Prankster causes evacuation at hot New Plymouth night spot
Patrons were evacuated from a popular Taranaki night spot after a prankster set off a fire alarm in the toilets.
The New Plymouth fire brigade was called to the Snug Lounge, which opened in 2011 as part of the multimillion-dollar redevelopment of the White Hart Hotel in the city's CBD, at 11.48pm on Friday.
Patrons from the bar, which is connected to pizza and craft beer restaurant Ms White's and King and Queen Hotel Suits, had to leave while firefighters, who were on site for about 10 minutes, investigated what caused the alarm to go off.
After the commotion the bar's owners took to Facebook in an attempt to identify the culprits.
"It's disappointing to have to approach social media on this basis however on Friday night someone thought it humorous to set off the fire alarm in the bathrooms at Snug Lounge," the post said.
It appealed for anyone with information about the offender to come forward and set out the costs it expected to face.
"This ignorance has cost us significantly with call out fees for the Fire Brigade ($1000), security call-outs across neighbouring properties, unpaid tabs and the cost of repairs to the broken alarm."
However co-owner Gina Bryant said most people had returned to settle their bills and explained the establishment usually took credit card details before opening tabs for large groups anyway.

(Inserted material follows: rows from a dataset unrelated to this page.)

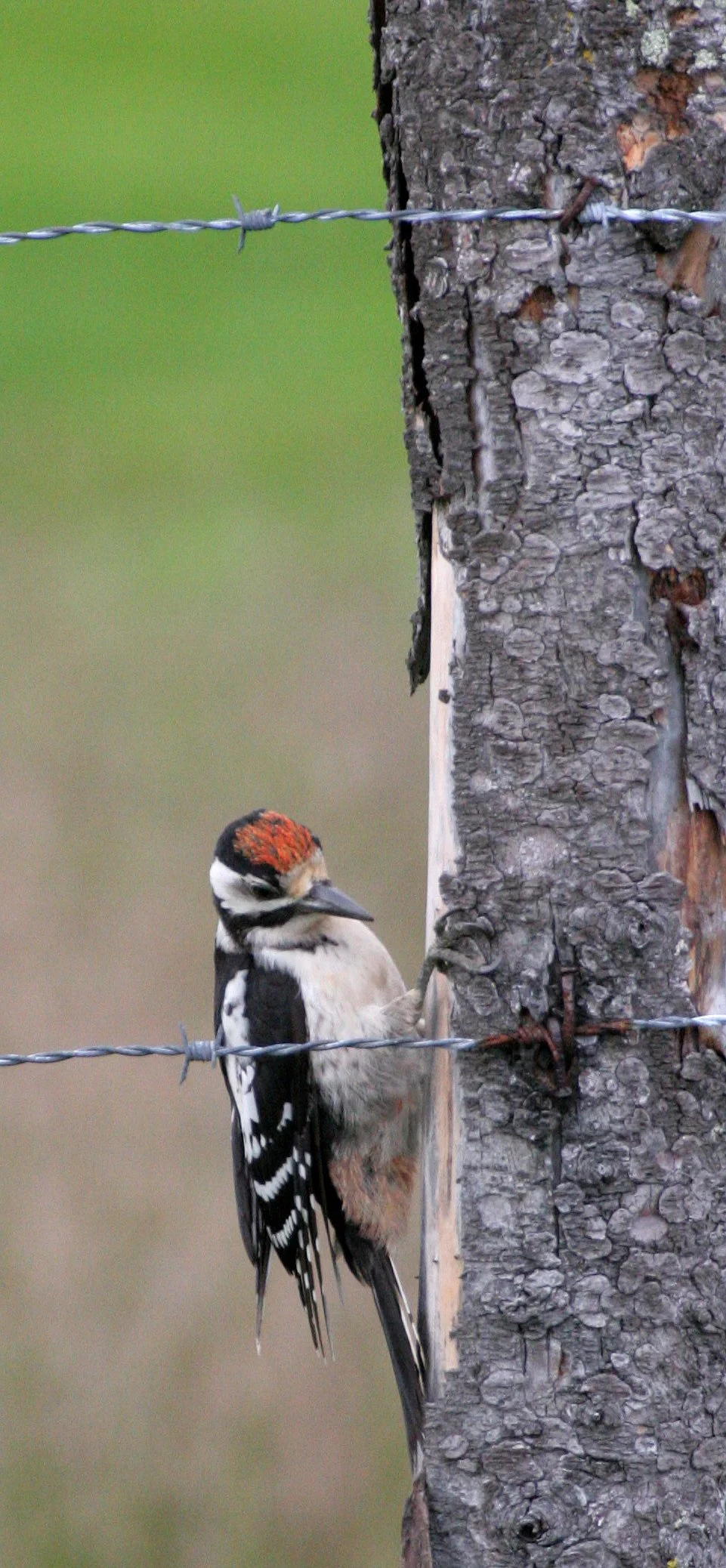 BIRD - WOODPECKER - GREAT SPOTTED - HORNOYA NORWAY (6).jpg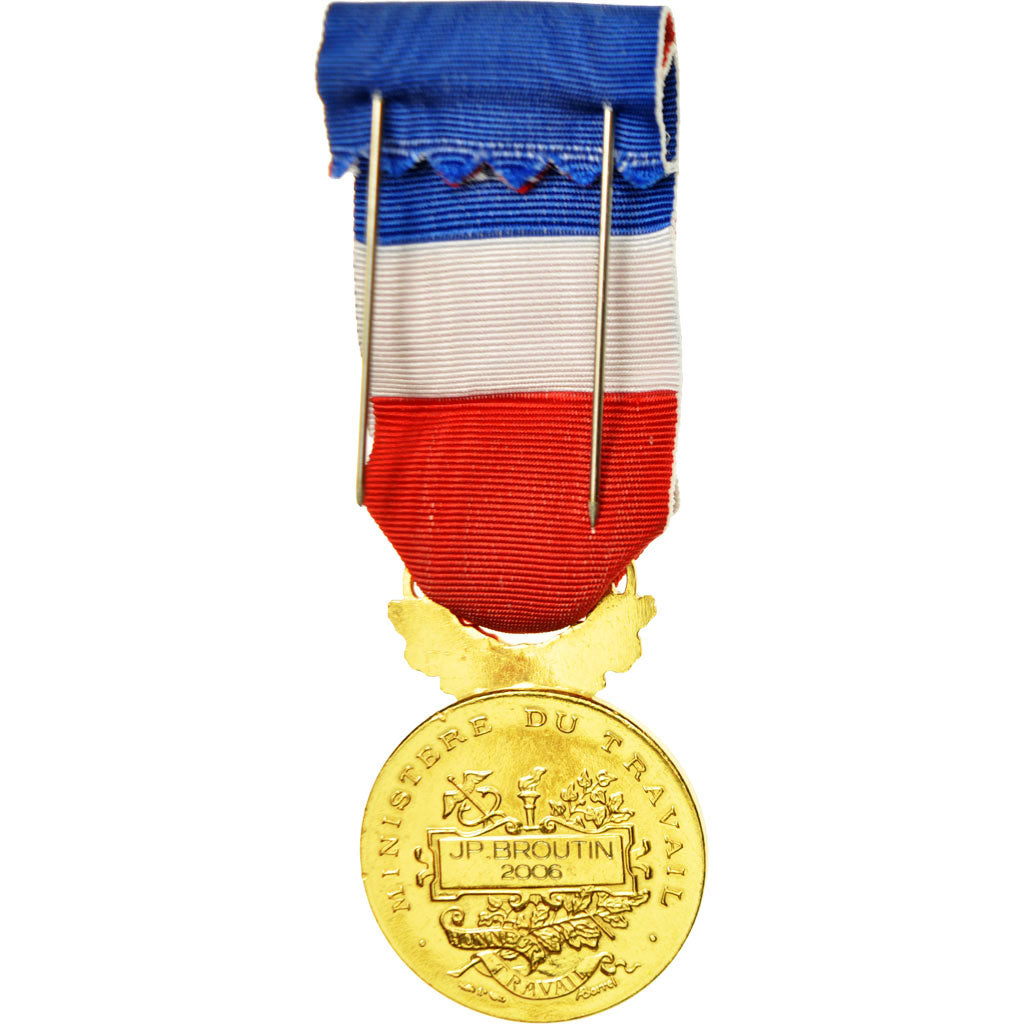 France, Médaille d'honneur du travail, Medal, 2006, Excellent Quality, Borrel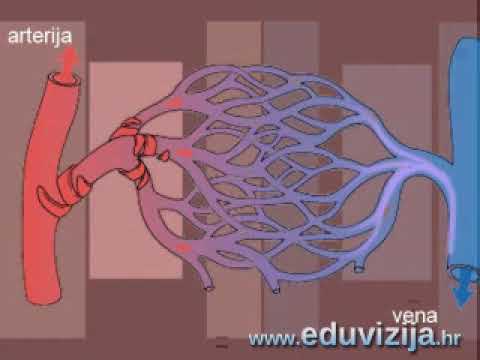 👨‍🏫 Srce, krvne žile i limfa - 8. razred - Biologija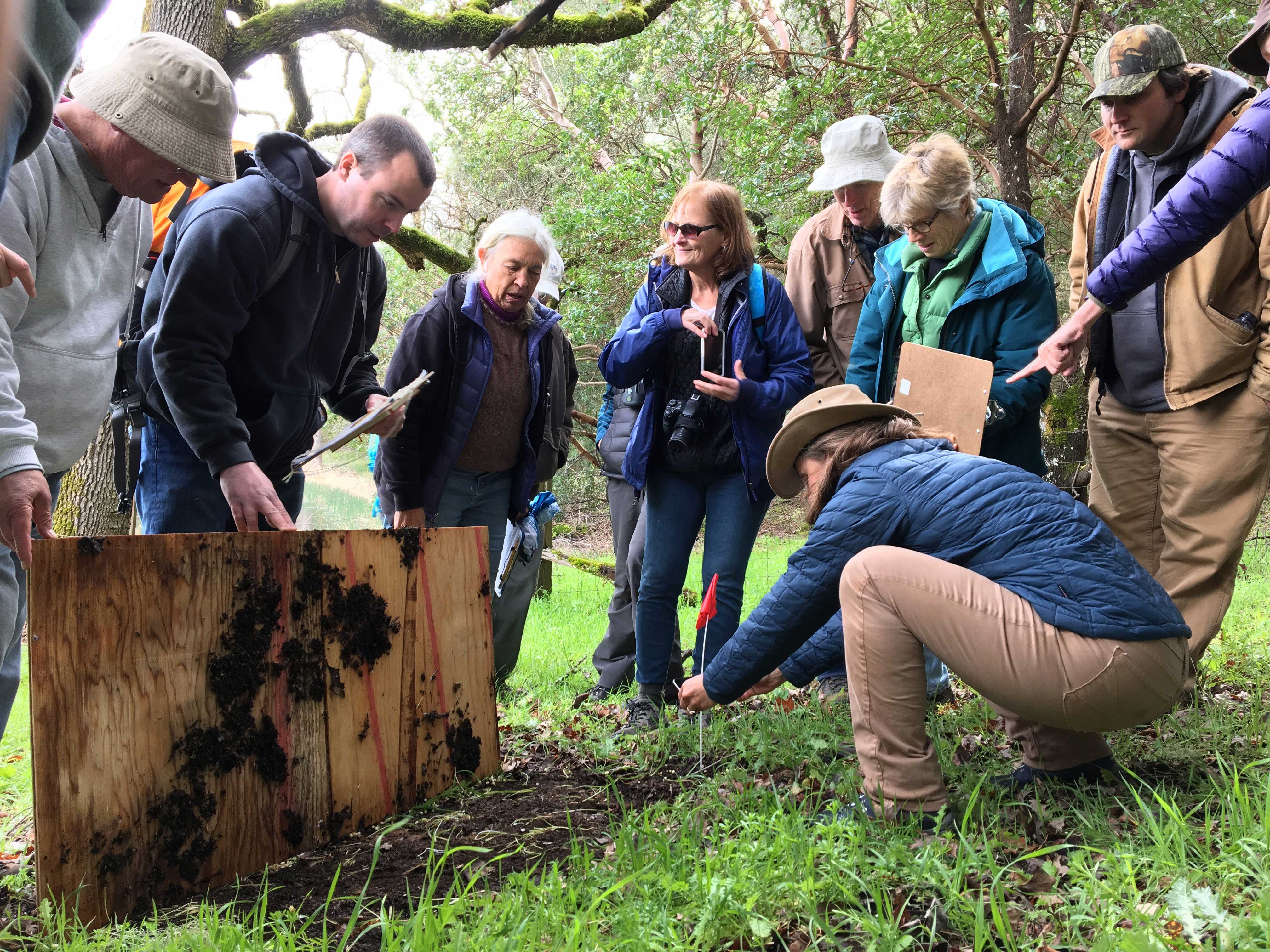 People looking at soil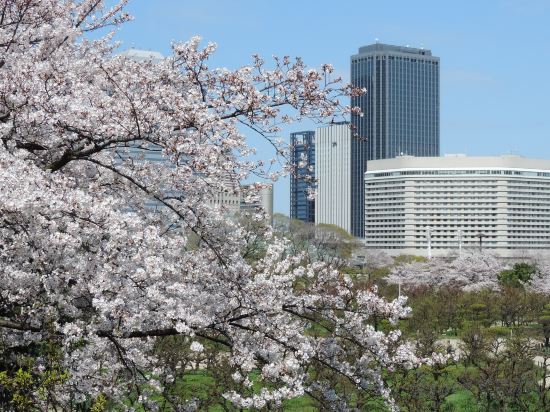 Фото Hotel New Otani Osaka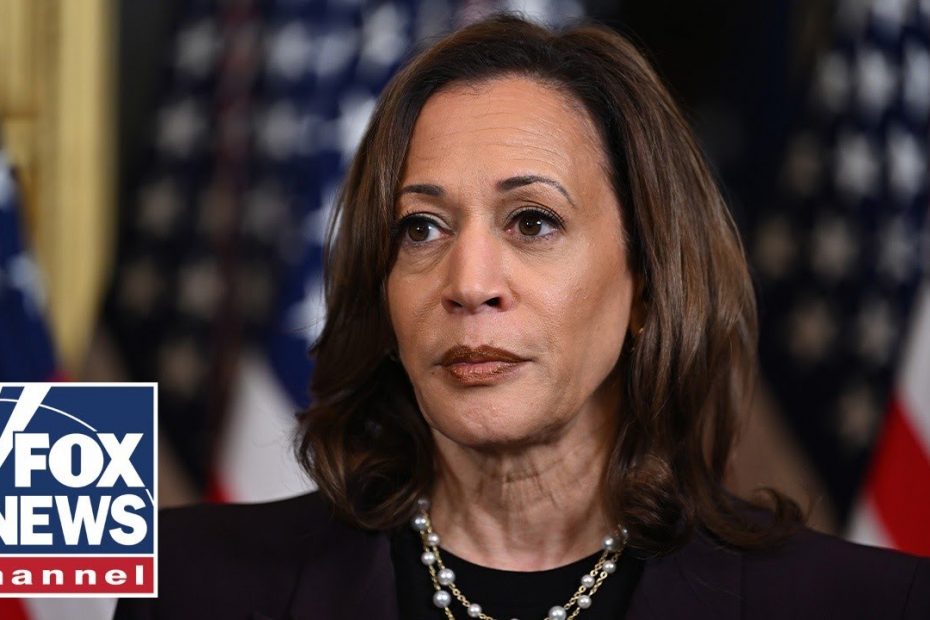Kamala Harris is 'tanking' at the 'worst possible time,' GOP lawmaker says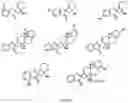 Fig. 05 - Highly diastereoselective construction of the 4,5-spirocycle via palladium-catalyzed intramolecular alkenylation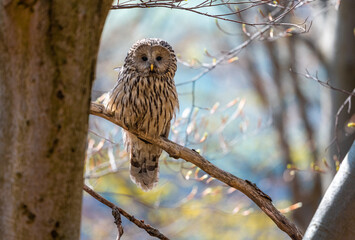 Ural owl in the forest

Pat Fitzell, Fire and Emergency New Zealand Taranaki area manager, said while the organisation did have the authority to bill companies who had ongoing problems with malfunctioning alarms they wouldn't be in this case.
"It appears to be a malicious false alarm, certainly for a case like that we won't be charging them," Fitzell said.
"You can't blame the property owners for something that's out of their control."
He said if the culprit was caught they could be charged for the callout.
Bryant was relieved to hear the fire brigade wouldn't be charging for the callout.
King and Queen Hotel Suits general manager Daniel Fleming said only a few hotel guests were evacuated.
"Only one of our blocks is actually connected to that [area] so it wasn't the main part of our hotel, it was only the left wing," Fleming said.
"We certainly treat the safety of our guests as our main priority."
The alarm had only forced the evacuation of four or five guests and everybody had been really good about it, he said.
"It wasn't a big disruption to us at all.
"They were all really good about it, in fact quite a few of them found it a bit exciting."
Fleming said it was a shame that someone had done something silly to cause the commotion.